= DATASET EXCERPTS =
* * * * * * *
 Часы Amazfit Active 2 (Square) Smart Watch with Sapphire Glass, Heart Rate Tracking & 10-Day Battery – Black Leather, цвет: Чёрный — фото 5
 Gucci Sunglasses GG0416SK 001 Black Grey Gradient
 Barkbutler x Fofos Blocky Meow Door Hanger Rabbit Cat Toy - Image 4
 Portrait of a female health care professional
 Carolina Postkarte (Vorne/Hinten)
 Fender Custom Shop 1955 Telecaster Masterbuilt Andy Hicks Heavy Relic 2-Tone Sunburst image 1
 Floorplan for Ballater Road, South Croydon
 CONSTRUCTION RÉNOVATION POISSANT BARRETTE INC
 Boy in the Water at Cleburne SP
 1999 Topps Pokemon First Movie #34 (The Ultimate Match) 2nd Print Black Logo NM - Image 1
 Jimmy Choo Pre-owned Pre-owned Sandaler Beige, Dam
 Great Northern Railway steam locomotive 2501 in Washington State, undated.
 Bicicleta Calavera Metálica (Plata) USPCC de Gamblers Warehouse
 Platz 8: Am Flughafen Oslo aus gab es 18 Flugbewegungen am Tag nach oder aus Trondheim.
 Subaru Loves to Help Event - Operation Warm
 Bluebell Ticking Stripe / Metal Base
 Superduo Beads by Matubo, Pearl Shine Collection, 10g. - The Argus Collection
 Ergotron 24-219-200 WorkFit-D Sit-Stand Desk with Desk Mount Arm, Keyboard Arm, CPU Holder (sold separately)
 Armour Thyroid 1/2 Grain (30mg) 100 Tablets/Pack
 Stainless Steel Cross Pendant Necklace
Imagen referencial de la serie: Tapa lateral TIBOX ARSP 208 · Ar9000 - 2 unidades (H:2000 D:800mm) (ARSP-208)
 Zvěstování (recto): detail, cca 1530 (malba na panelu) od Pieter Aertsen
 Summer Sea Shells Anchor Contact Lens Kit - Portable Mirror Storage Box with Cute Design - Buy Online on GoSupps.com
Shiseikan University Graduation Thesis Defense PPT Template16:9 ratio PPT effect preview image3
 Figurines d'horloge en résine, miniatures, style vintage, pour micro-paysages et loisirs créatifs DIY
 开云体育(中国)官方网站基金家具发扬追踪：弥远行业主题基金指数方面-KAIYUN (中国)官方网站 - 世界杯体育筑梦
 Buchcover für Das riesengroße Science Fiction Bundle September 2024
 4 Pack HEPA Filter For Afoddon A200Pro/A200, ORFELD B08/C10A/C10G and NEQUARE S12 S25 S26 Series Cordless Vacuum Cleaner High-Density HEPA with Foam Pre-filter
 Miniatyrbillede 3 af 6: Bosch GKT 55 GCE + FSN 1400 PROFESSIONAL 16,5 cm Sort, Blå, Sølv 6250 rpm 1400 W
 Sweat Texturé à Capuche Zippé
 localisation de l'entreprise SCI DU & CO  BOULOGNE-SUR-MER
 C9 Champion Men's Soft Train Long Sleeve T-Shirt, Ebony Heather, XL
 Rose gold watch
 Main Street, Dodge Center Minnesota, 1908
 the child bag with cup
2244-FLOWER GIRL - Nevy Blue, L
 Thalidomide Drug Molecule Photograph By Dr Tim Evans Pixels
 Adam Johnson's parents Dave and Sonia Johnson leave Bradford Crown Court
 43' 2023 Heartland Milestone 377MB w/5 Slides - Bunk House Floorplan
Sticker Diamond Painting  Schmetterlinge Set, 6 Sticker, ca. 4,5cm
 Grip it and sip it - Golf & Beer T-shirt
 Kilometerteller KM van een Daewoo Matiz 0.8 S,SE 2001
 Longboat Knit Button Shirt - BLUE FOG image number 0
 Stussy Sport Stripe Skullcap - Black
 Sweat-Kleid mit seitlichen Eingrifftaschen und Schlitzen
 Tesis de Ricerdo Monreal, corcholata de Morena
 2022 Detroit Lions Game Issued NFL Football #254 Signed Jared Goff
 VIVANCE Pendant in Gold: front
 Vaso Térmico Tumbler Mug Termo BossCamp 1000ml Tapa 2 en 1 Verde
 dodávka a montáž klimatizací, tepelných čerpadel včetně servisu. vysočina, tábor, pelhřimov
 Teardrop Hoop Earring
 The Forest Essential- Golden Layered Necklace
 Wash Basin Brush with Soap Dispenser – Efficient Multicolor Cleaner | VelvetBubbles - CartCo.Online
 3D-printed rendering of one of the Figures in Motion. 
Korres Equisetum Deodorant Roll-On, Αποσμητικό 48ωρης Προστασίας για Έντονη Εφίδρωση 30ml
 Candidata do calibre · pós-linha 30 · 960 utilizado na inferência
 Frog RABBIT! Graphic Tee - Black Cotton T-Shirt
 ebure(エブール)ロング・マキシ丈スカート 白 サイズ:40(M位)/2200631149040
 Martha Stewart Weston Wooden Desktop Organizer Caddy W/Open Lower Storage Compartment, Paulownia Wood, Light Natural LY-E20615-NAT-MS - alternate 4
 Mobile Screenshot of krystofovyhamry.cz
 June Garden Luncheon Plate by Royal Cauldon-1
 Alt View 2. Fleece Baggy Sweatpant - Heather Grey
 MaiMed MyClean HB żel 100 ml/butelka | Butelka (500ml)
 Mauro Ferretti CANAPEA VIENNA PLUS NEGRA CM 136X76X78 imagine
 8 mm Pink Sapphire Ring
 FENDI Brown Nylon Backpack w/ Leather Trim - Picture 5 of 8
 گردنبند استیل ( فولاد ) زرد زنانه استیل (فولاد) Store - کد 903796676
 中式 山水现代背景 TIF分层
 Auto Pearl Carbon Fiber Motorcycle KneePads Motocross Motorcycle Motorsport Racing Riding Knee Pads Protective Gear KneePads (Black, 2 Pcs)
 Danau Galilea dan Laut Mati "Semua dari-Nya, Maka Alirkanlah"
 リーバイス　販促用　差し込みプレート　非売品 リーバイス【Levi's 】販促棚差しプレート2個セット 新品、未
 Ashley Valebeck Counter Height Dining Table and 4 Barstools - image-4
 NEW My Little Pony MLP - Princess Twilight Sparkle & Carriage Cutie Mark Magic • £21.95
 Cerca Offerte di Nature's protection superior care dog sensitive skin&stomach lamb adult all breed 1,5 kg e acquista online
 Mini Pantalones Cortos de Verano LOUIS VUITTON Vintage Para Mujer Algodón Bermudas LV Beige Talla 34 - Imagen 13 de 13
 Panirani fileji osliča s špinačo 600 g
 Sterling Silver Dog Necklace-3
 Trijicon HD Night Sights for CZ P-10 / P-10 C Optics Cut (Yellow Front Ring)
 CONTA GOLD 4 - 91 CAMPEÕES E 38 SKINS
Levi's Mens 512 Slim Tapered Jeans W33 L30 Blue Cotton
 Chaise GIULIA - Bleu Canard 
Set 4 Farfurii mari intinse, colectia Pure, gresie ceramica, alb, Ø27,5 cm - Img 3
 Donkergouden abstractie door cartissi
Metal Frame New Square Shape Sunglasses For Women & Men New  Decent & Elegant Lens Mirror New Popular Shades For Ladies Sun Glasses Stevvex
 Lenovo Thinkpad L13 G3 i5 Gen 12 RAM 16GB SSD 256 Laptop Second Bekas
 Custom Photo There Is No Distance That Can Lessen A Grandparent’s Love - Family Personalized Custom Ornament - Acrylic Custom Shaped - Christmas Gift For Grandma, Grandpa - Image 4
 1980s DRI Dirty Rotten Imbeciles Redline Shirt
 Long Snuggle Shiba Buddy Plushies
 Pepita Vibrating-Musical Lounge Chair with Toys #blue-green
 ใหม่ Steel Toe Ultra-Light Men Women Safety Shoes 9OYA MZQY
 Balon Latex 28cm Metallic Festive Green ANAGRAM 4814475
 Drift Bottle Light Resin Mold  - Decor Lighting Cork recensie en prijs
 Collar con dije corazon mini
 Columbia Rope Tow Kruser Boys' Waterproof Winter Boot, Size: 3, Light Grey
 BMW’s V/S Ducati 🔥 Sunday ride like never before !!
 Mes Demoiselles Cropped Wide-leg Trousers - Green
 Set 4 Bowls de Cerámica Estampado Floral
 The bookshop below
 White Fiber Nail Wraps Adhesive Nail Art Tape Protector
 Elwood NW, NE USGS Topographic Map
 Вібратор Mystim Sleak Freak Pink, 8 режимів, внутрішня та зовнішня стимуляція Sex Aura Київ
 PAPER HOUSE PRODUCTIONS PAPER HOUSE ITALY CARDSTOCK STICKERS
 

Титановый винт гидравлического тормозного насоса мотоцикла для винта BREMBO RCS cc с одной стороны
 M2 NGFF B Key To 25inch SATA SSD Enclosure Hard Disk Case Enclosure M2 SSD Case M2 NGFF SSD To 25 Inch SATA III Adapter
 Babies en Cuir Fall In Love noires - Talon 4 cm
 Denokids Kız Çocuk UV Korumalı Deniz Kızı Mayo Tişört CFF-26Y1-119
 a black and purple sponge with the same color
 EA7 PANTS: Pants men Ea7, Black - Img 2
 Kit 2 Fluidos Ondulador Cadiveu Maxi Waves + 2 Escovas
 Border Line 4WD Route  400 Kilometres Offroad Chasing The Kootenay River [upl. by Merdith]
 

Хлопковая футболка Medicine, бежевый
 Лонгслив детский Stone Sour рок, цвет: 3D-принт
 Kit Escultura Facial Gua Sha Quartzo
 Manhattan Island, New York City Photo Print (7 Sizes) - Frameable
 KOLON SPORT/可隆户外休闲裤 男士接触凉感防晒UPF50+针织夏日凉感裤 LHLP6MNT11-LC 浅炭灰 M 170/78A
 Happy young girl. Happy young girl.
* * * * * * *
= PROMPT =
Please output the lines of the listing above that fall in the stretch from the one with "4 Pack HEPA" through the one with "ebure(エブール)ロング・マキシ丈スカート 白 サイズ:40(M位)/2200631149040", exactly and only those.

= TASK RESPONSE =
 4 Pack HEPA Filter For Afoddon A200Pro/A200, ORFELD B08/C10A/C10G and NEQUARE S12 S25 S26 Series Cordless Vacuum Cleaner High-Density HEPA with Foam Pre-filter
 Miniatyrbillede 3 af 6: Bosch GKT 55 GCE + FSN 1400 PROFESSIONAL 16,5 cm Sort, Blå, Sølv 6250 rpm 1400 W
 Sweat Texturé à Capuche Zippé
 localisation de l'entreprise SCI DU & CO  BOULOGNE-SUR-MER
 C9 Champion Men's Soft Train Long Sleeve T-Shirt, Ebony Heather, XL
 Rose gold watch
 Main Street, Dodge Center Minnesota, 1908
 the child bag with cup
2244-FLOWER GIRL - Nevy Blue, L
 Thalidomide Drug Molecule Photograph By Dr Tim Evans Pixels
 Adam Johnson's parents Dave and Sonia Johnson leave Bradford Crown Court
 43' 2023 Heartland Milestone 377MB w/5 Slides - Bunk House Floorplan
Sticker Diamond Painting  Schmetterlinge Set, 6 Sticker, ca. 4,5cm
 Grip it and sip it - Golf & Beer T-shirt
 Kilometerteller KM van een Daewoo Matiz 0.8 S,SE 2001
 Longboat Knit Button Shirt - BLUE FOG image number 0
 Stussy Sport Stripe Skullcap - Black
 Sweat-Kleid mit seitlichen Eingrifftaschen und Schlitzen
 Tesis de Ricerdo Monreal, corcholata de Morena
 2022 Detroit Lions Game Issued NFL Football #254 Signed Jared Goff
 VIVANCE Pendant in Gold: front
 Vaso Térmico Tumbler Mug Termo BossCamp 1000ml Tapa 2 en 1 Verde
 dodávka a montáž klimatizací, tepelných čerpadel včetně servisu. vysočina, tábor, pelhřimov
 Teardrop Hoop Earring
 The Forest Essential- Golden Layered Necklace
 Wash Basin Brush with Soap Dispenser – Efficient Multicolor Cleaner | VelvetBubbles - CartCo.Online
 3D-printed rendering of one of the Figures in Motion. 
Korres Equisetum Deodorant Roll-On, Αποσμητικό 48ωρης Προστασίας για Έντονη Εφίδρωση 30ml
 Candidata do calibre · pós-linha 30 · 960 utilizado na inferência
 Frog RABBIT! Graphic Tee - Black Cotton T-Shirt
 ebure(エブール)ロング・マキシ丈スカート 白 サイズ:40(M位)/2200631149040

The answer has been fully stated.